Work instructions
Apart from the pictures, every line below is to be set down exactly.

Information shown

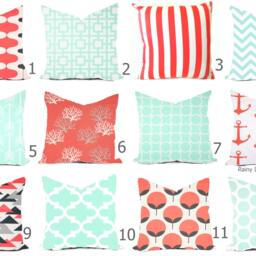 Pillow Cover Throw Accent Decor - Custom All Sizes 16x16, 18x18 Coral Salmon Orange Mint Green Modern Geo - thumbnail 2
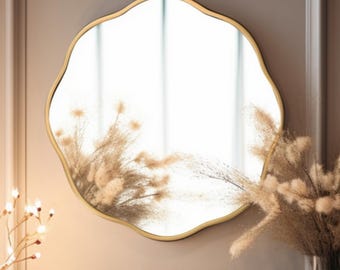 Luxury Gold Framed Wooden Wall Mirror with Elegant Scalloped Design – Perfect Accent for Bedroom, Vanity, Entryway or Living Room Decor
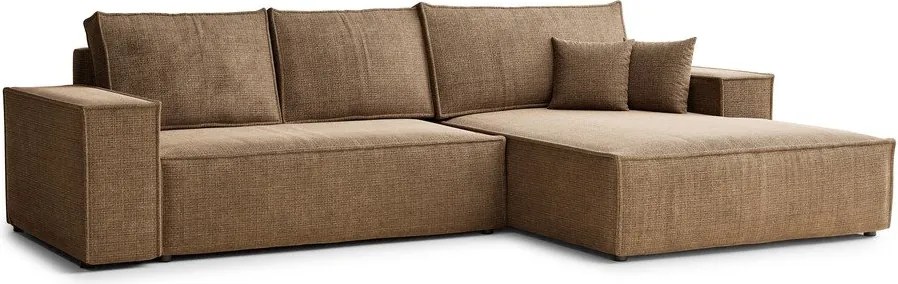 Jasnobrązowy rozkładany narożnik ze schowkiem z tkaniny szenilowej (prawostronny/z szezlongiem) Maze – Maison de Rêve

Your response
 Pillow Cover Throw Accent Decor - Custom All Sizes 16x16, 18x18 Coral Salmon Orange Mint Green Modern Geo - thumbnail 2
 Luxury Gold Framed Wooden Wall Mirror with Elegant Scalloped Design – Perfect Accent for Bedroom, Vanity, Entryway or Living Room Decor
 Jasnobrązowy rozkładany narożnik ze schowkiem z tkaniny szenilowej (prawostronny/z szezlongiem) Maze – Maison de Rêve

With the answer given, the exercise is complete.